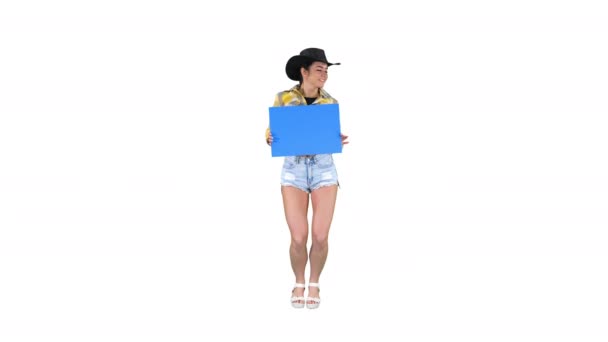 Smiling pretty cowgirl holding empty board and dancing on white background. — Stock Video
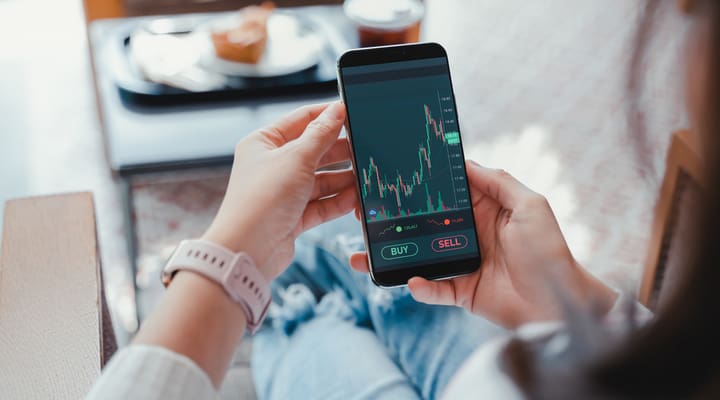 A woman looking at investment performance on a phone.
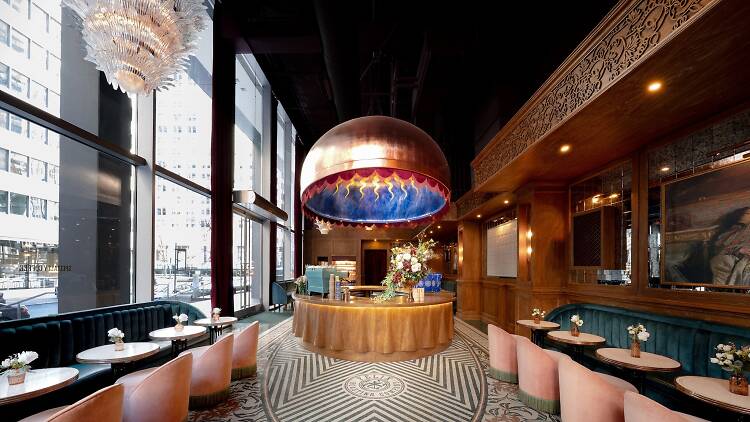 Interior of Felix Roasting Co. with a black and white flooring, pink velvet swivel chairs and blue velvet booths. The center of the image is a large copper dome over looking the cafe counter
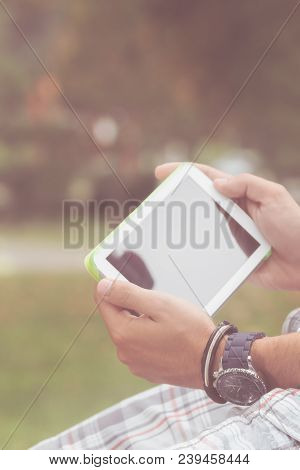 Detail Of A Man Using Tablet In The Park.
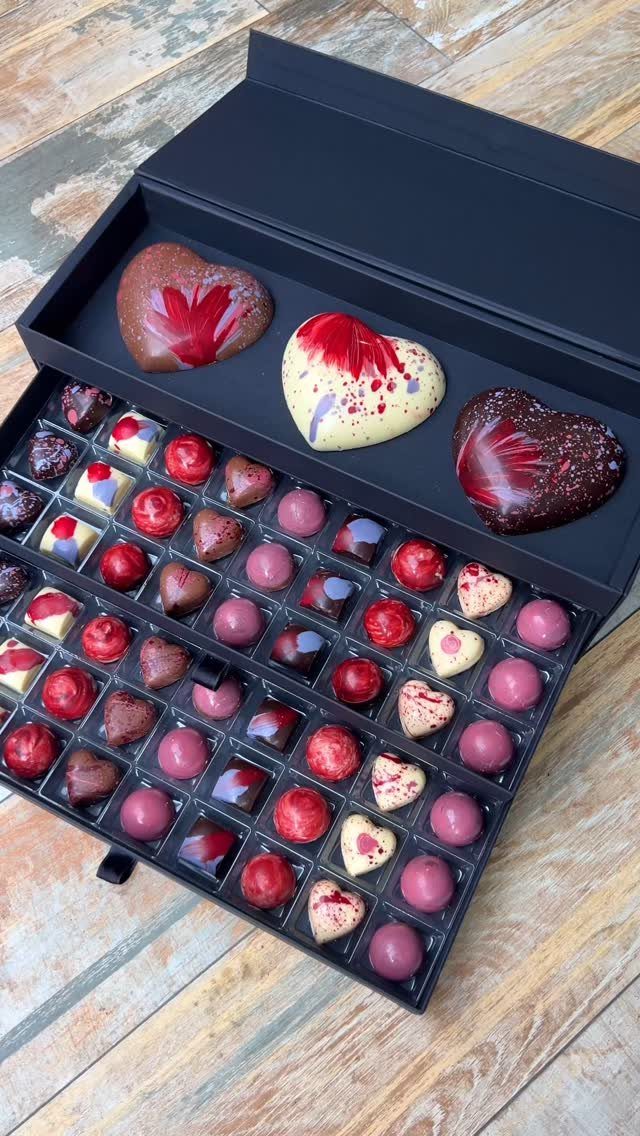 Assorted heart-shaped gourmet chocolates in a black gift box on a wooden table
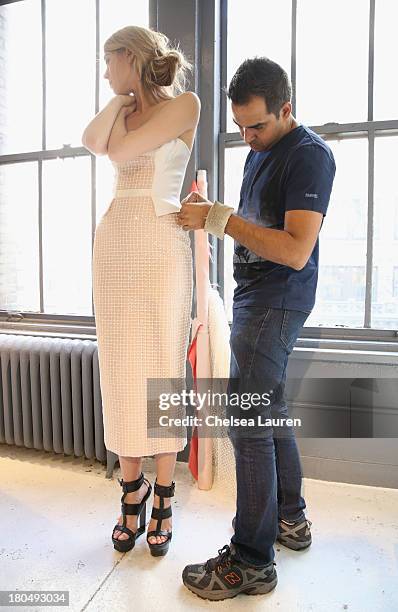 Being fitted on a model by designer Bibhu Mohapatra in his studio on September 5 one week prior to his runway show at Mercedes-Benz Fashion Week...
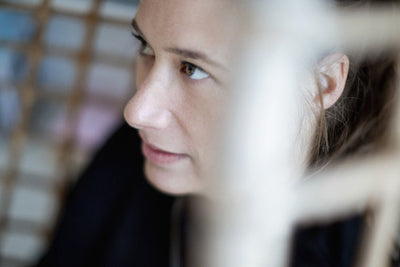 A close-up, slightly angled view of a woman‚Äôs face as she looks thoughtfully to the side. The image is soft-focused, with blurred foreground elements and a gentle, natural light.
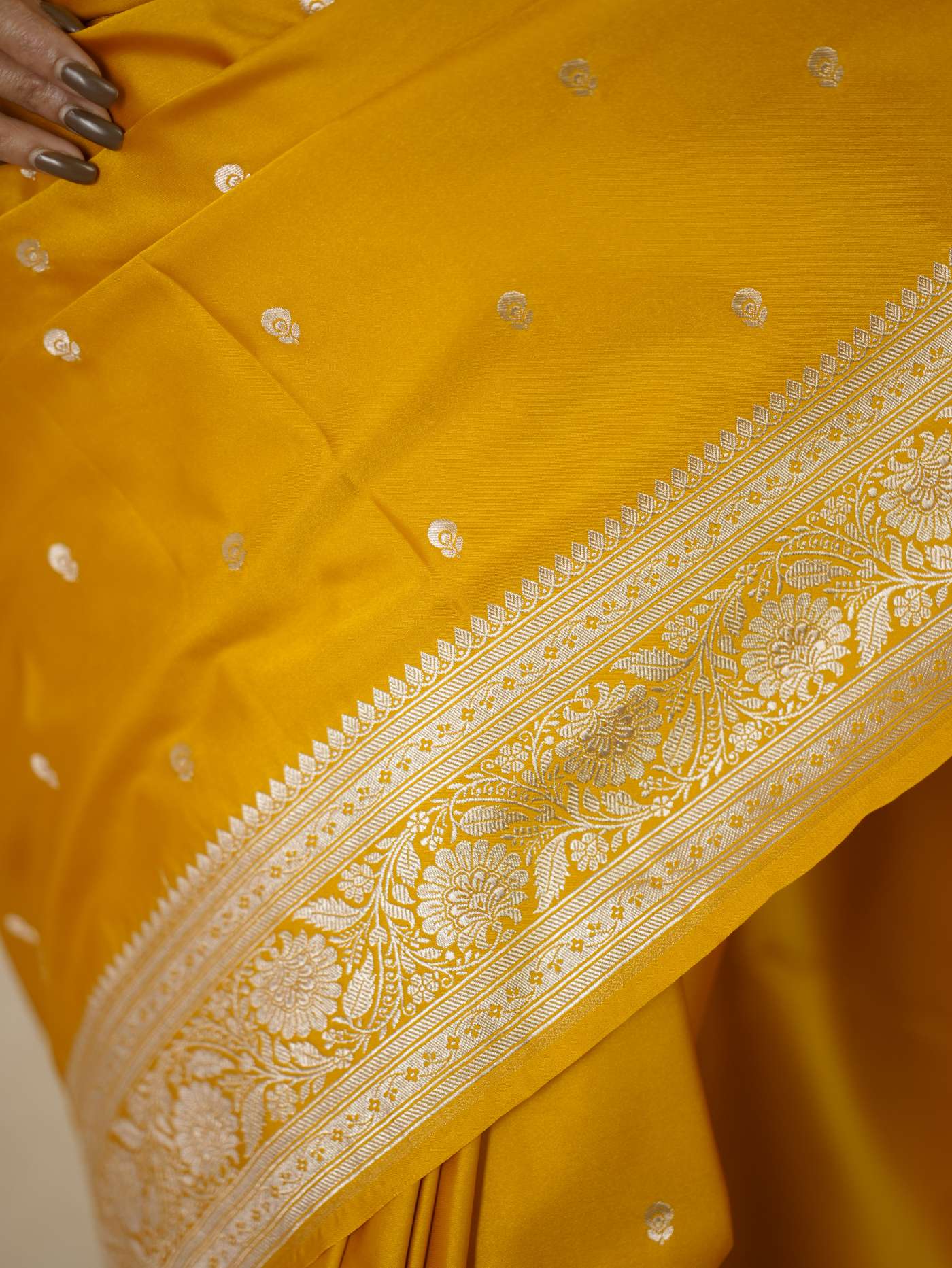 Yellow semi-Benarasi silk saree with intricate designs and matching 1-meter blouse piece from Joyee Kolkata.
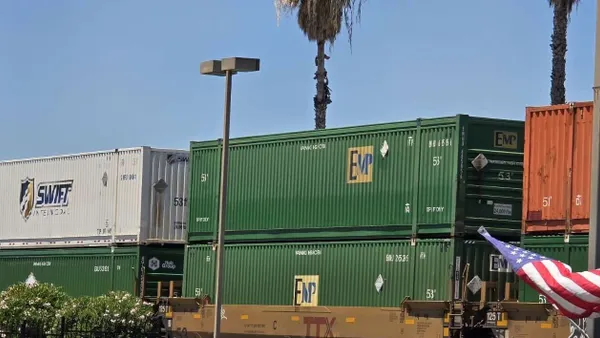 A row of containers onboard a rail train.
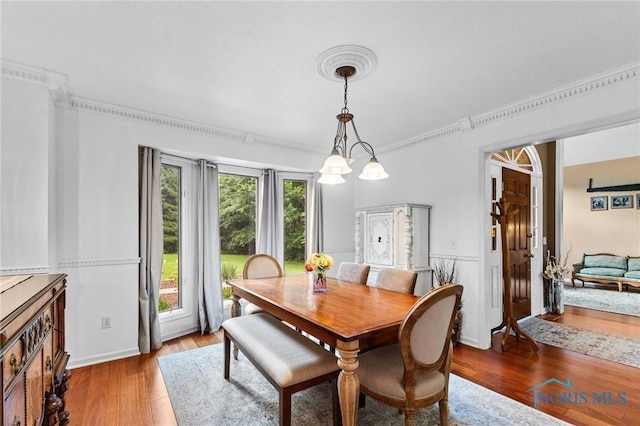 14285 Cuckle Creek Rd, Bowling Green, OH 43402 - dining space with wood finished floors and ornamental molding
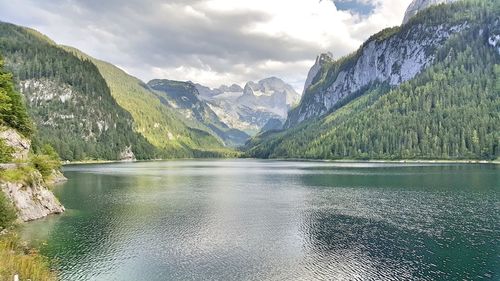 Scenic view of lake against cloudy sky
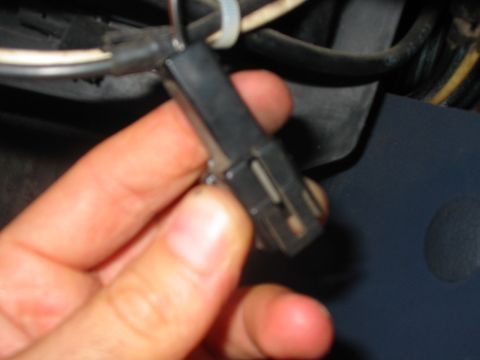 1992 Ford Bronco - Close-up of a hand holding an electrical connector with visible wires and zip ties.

#####

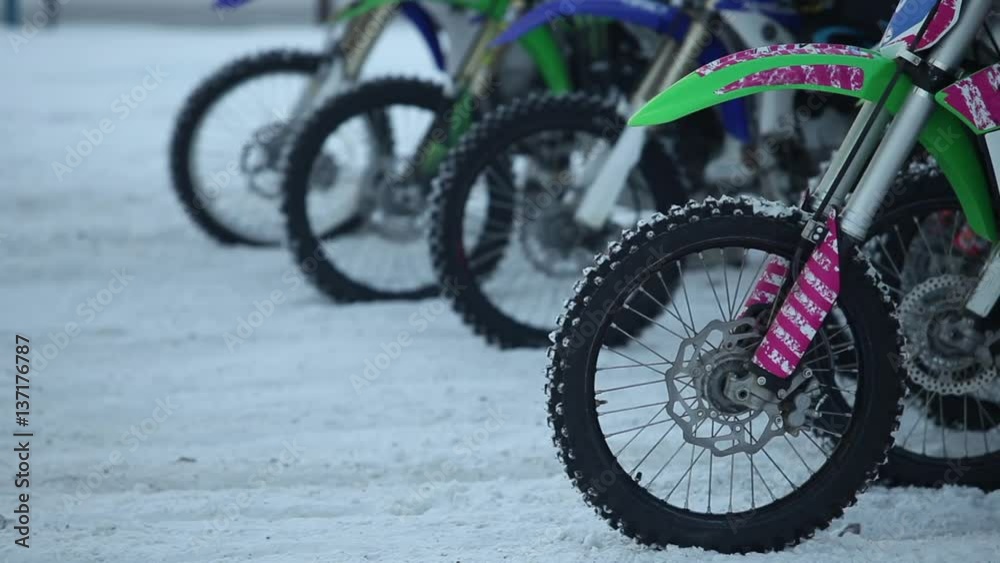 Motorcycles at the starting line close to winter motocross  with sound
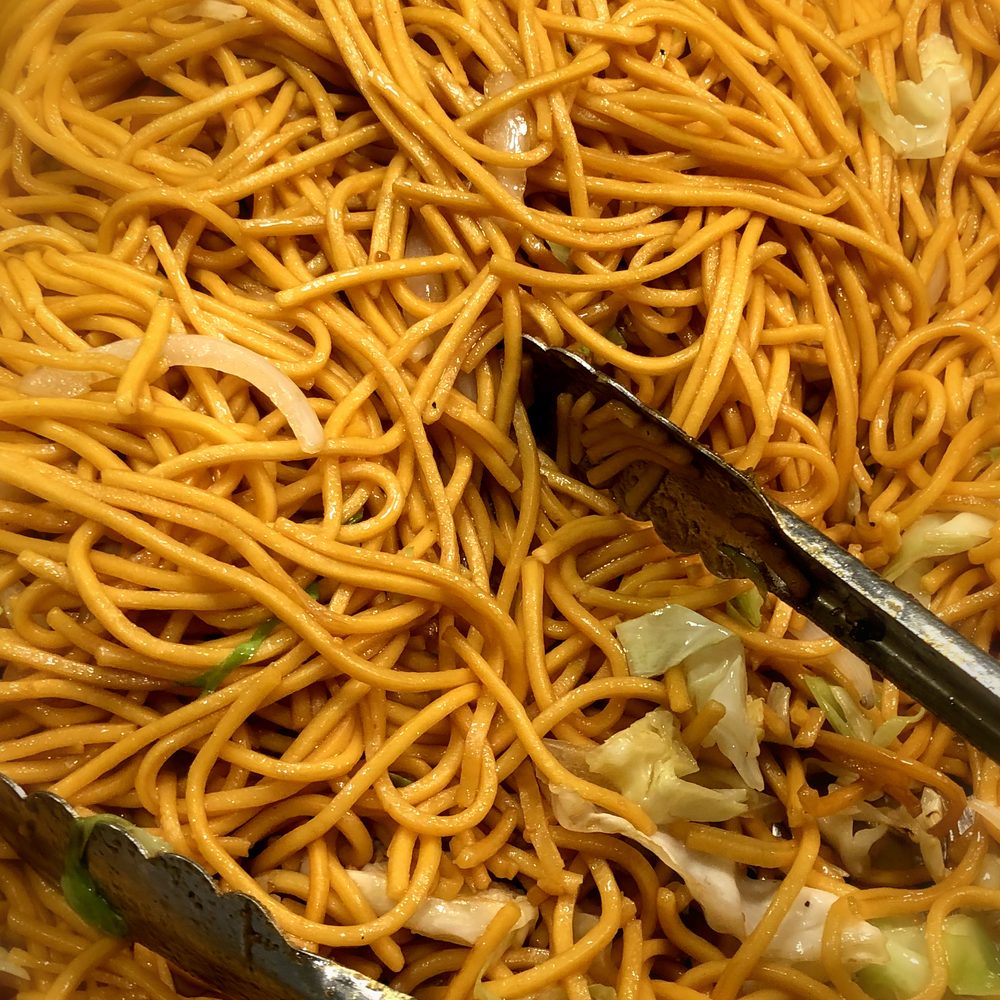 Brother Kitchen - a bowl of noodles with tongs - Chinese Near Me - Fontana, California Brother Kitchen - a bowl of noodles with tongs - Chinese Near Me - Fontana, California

#####

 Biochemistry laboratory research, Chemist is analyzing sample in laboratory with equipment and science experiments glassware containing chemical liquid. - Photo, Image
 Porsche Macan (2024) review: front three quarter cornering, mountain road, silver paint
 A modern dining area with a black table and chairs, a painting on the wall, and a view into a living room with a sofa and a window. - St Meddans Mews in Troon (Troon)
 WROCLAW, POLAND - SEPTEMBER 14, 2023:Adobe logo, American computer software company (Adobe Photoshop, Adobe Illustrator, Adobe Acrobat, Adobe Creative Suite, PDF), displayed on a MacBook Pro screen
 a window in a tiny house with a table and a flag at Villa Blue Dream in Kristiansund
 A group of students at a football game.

#####

Problem description =
Everything from the line containing "Porsche Macan (2024)" through the line containing "WROCLAW, POLAND - SEPTEMBER" in the material above should be retyped exactly, both ends included, and nothing more.

Solution to this task =
 Porsche Macan (2024) review: front three quarter cornering, mountain road, silver paint
 A modern dining area with a black table and chairs, a painting on the wall, and a view into a living room with a sofa and a window. - St Meddans Mews in Troon (Troon)
 WROCLAW, POLAND - SEPTEMBER 14, 2023:Adobe logo, American computer software company (Adobe Photoshop, Adobe Illustrator, Adobe Acrobat, Adobe Creative Suite, PDF), displayed on a MacBook Pro screen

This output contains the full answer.